House Panel Votes to End Bank Ownership Barriers
WASHINGTON -- The House Banking Committee voted decisively on Wednesday to repeal the laws that prevent banks from owning or affiliating with commercial and industrial companies.
If the measure is adopted, it will mark a historic break from the seperation of banking and other lines of commerce - an industry structure forged by the Depression-era Glass-Steagall Act and Bank Holding Company Act of 1956.
Banks Could Diversify
Industrial giants like General Motors Corp. and International Business Machines Corp. would be able to acquire banks, and commercial banks, in turn, would be able to reorganize their parent companies to diversify into any business they choose.
The committee's 32-to-20 vote was a major victory for the Bush administration, which fought a hard, uphill battle to include the repeal of ownership restrictions in its comprehensive reform proposal. The idea was widely proclaimed "dead on arrival" earlier this year when the Treasury Department floated it.
Several lawmakers who voted for it agreed with the Treasury's argument that eliminating the restrictions would bring badly needed capital into the industry.
However, the proposal still faces difficult tests.

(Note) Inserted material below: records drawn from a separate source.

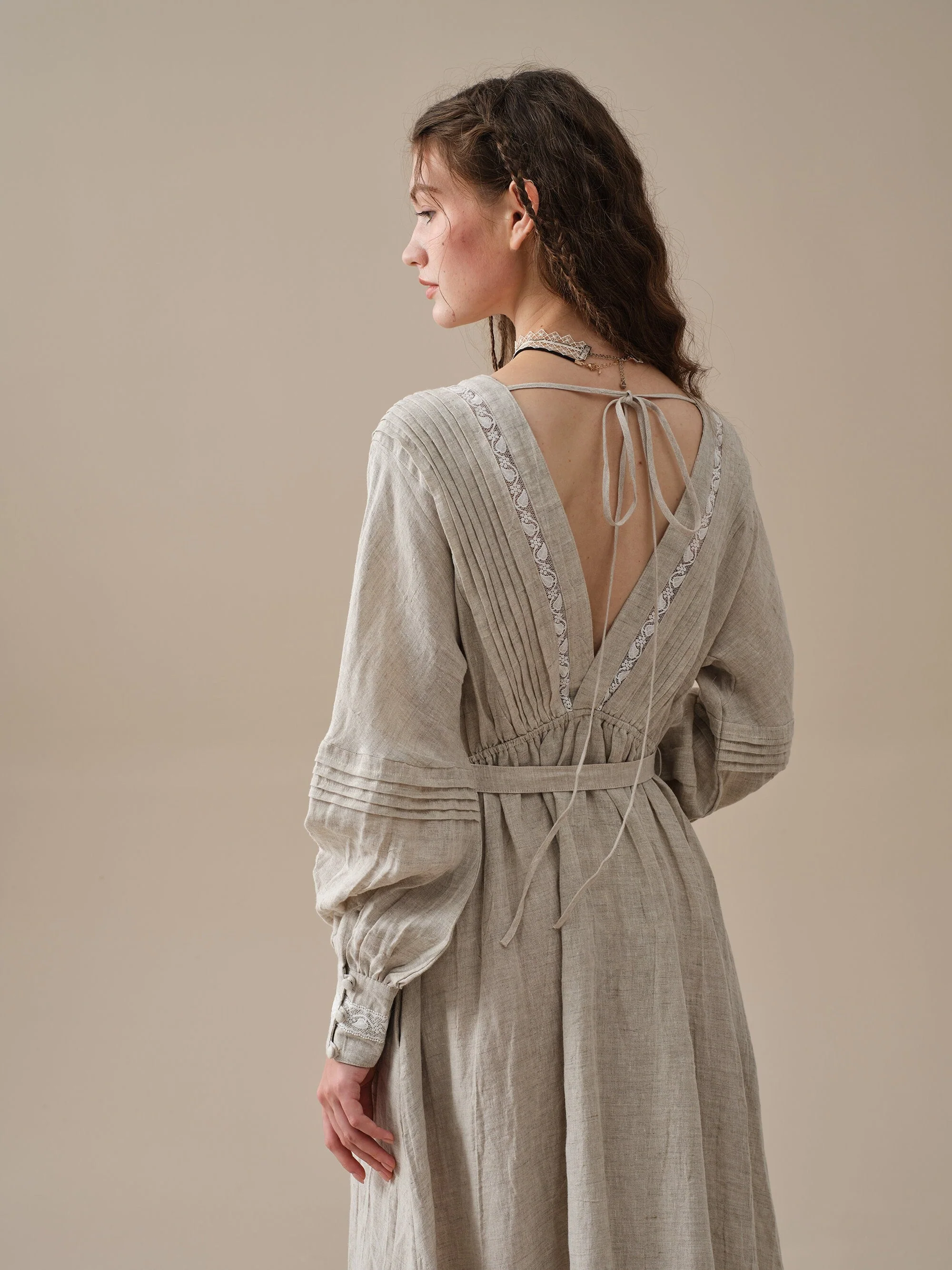 Octavia 17 | pintucked V-neck linen Dress - Image 3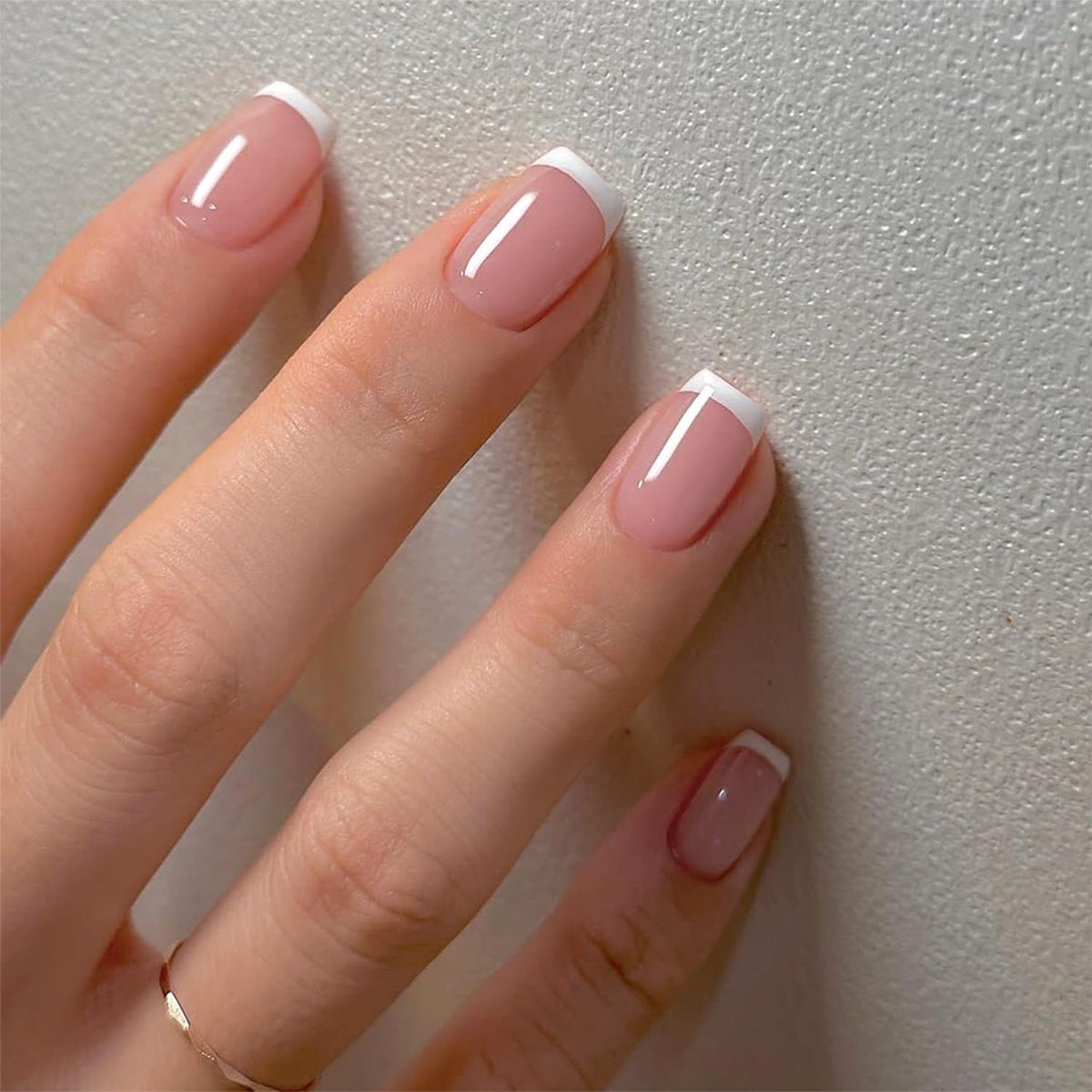 Ombre French Press On Nails Short - IKISKT Fashion Acrylic False Nails, Glue On Nails with Glue Sticker,Fit Perfectly & Natural Stick On Nails - 24PCS Soft UV Gel Fake Nails Kit, Gradient White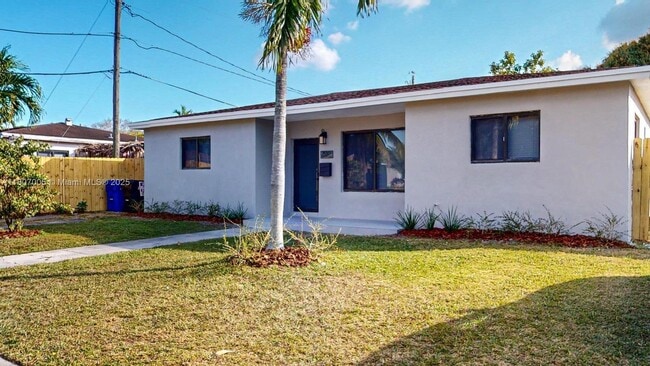 830 NE 171st Ter in North Miami Beach, FL - Building Photo - Building Photo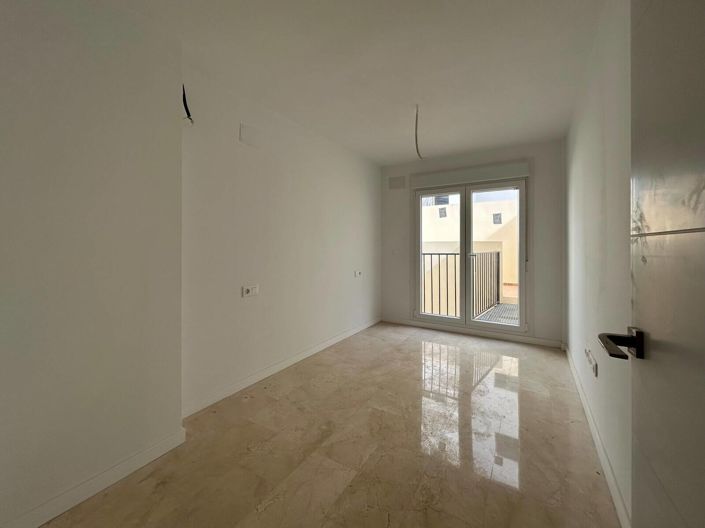 Image No.11-2 Bed Apartment for sale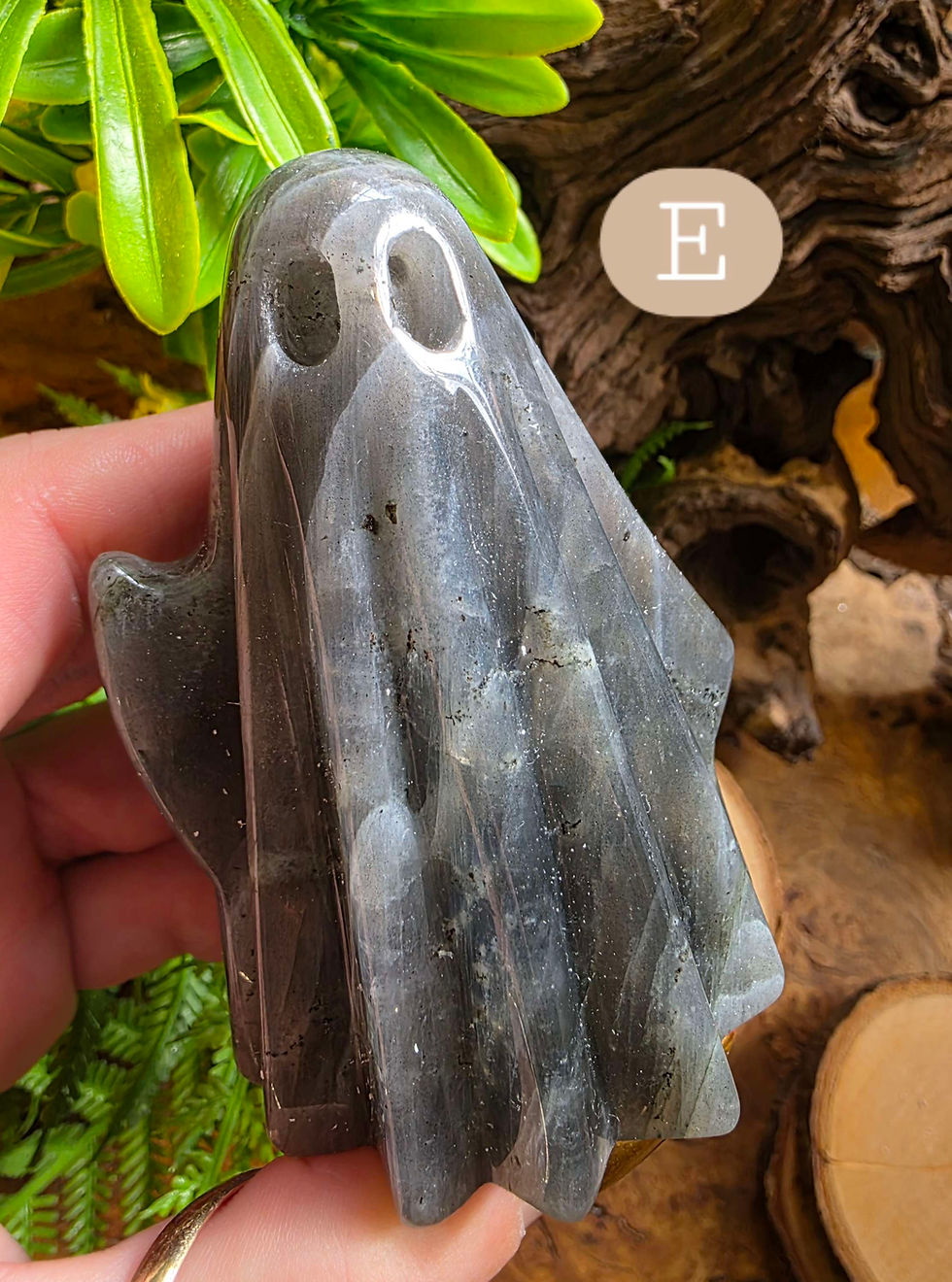 Thumbnail: Lazlo the Labradorite Ghost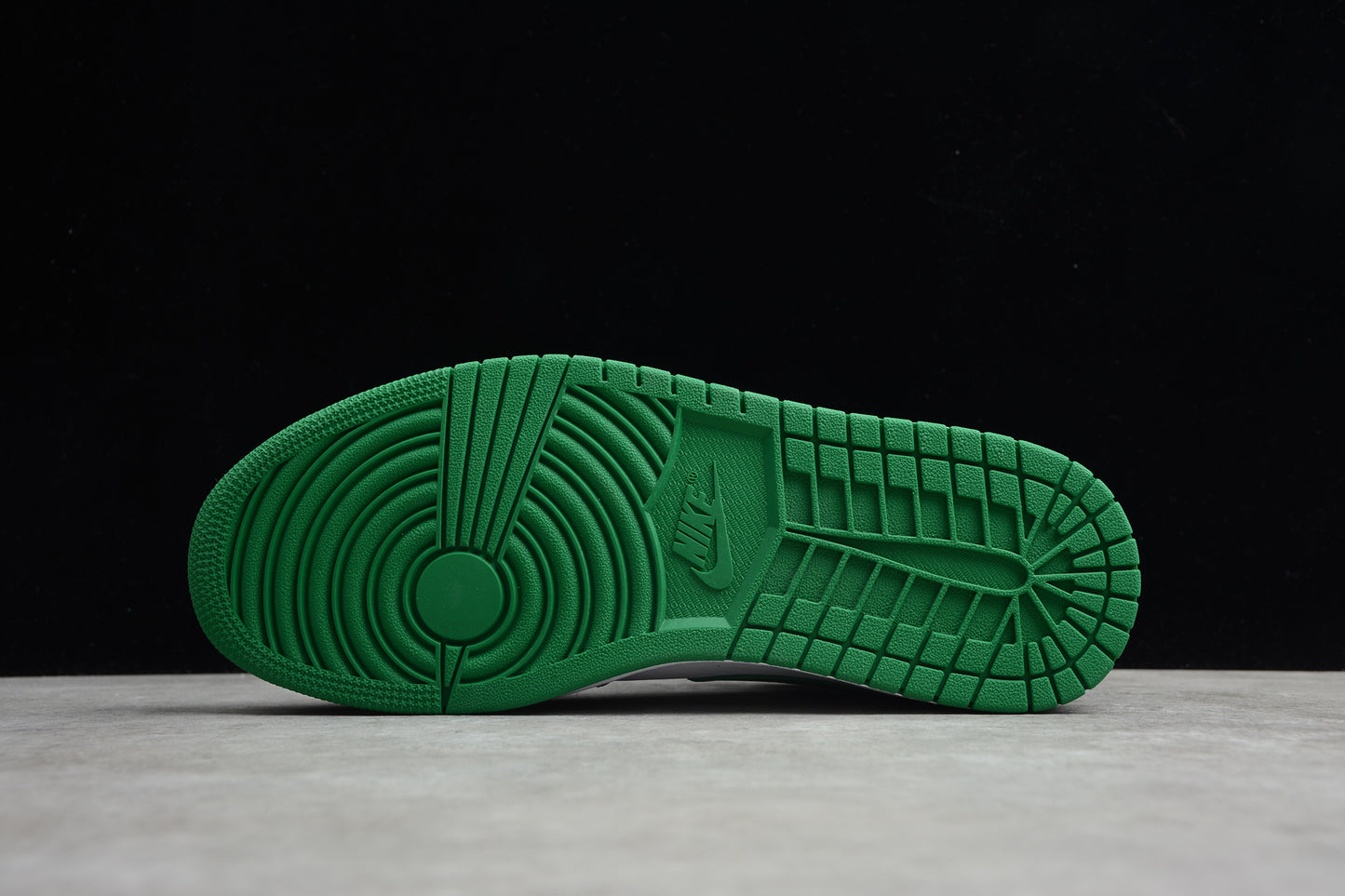 NIKE AIR JORDAN 1 MID "PINE GREEN" - Best Reps Website 2025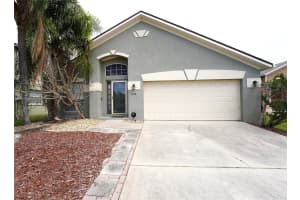 633 CYPRESS TREE COURT, ORLANDO, FL 32825 - MLS#MFRG5109635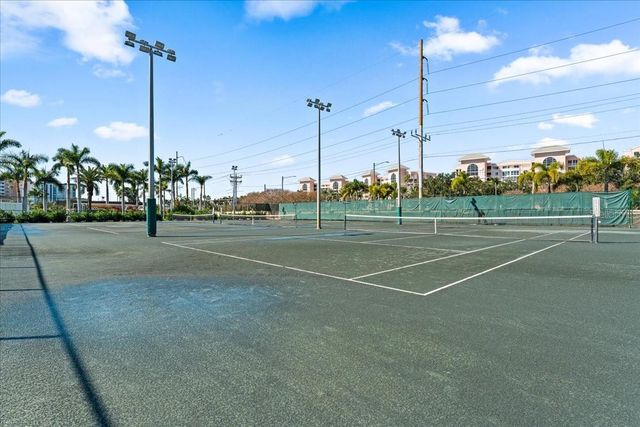 4900 BRITTANY DRIVE S 610, St Petersburg, FL 33715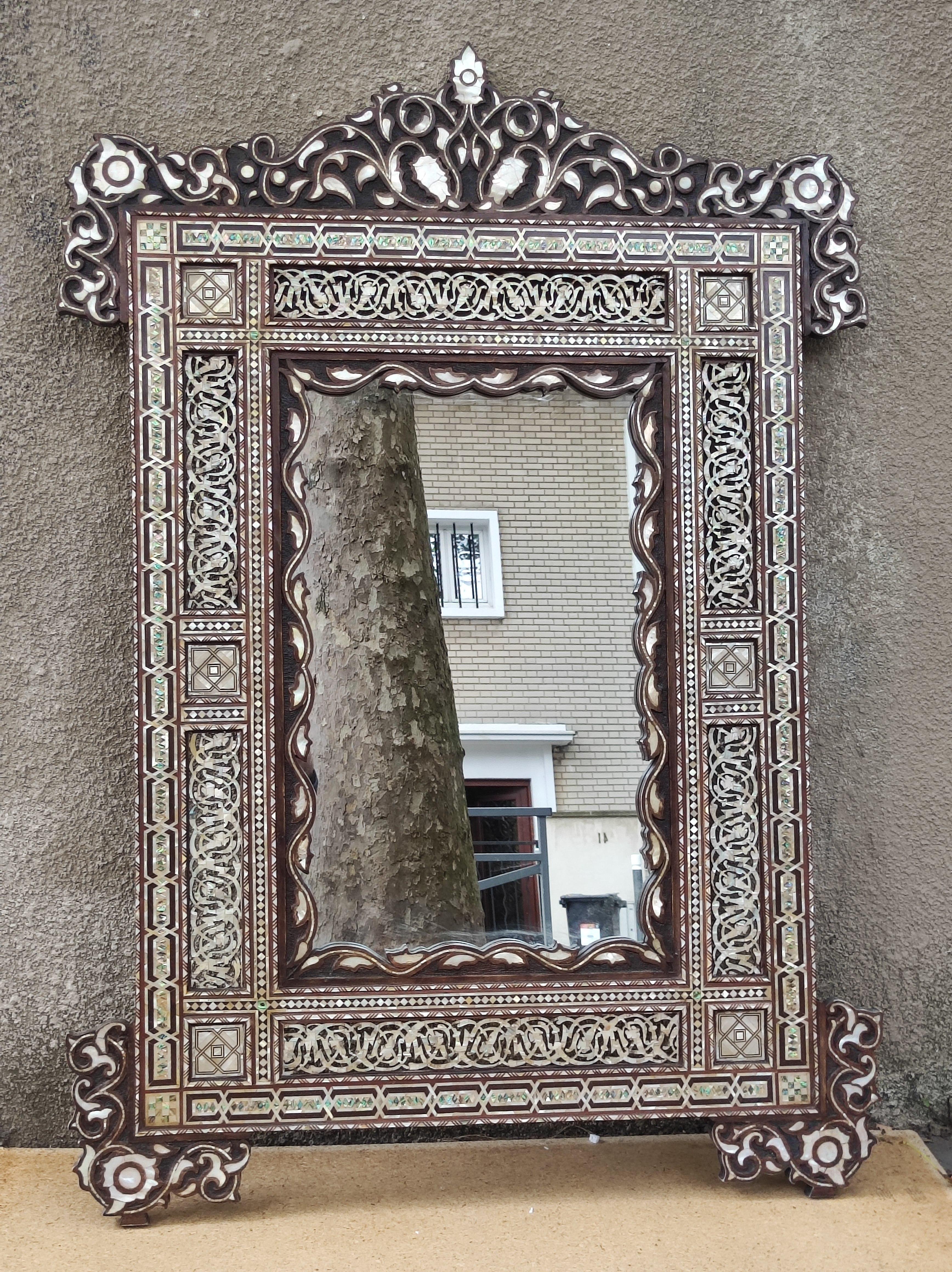 Pair of Syrian Mirrors in carved wood and inlays XIX° 2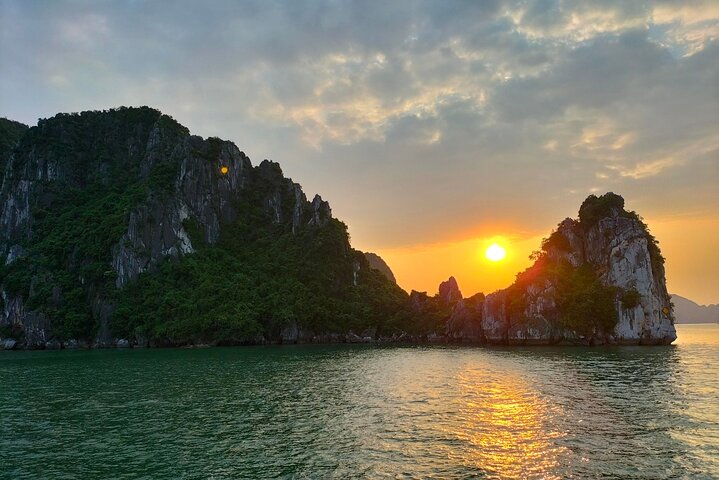 Ha Long Bay Cruise Day Tour - best selling: Kayaking, Swimming, hiking & Lunch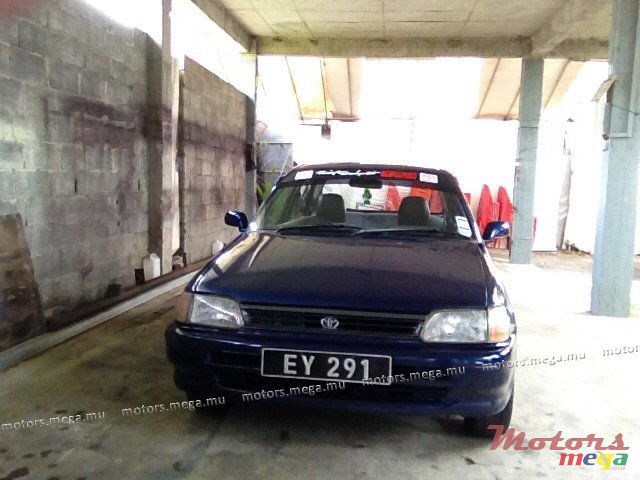 1992' Toyota photo #1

The Senate Banking Committee is believed to be more skeptical than its House counterpart. And the House Energy and Commerce Committee, which is expected to review the measure before it goes to the floor, is likely to opposed it.
A Bargaining Chip
The Treasury could use its victory as a bargaining chip with the Energy and Commerce committee, said Kenneth Guenther, executive vice president of the Independent Bankers Association of America, which wants to maintain the separation between banking and commerce. The treasury may now have leverage to influence other provisions, such as the terms under which banks would be permitted to underwrite and sell securities.
Mr. Guenther added that House Speaker Thomas S. Foley, in meeting with IBAA representatives Tuesday, said he intended to let many of the more important controversies be decided on the House floor.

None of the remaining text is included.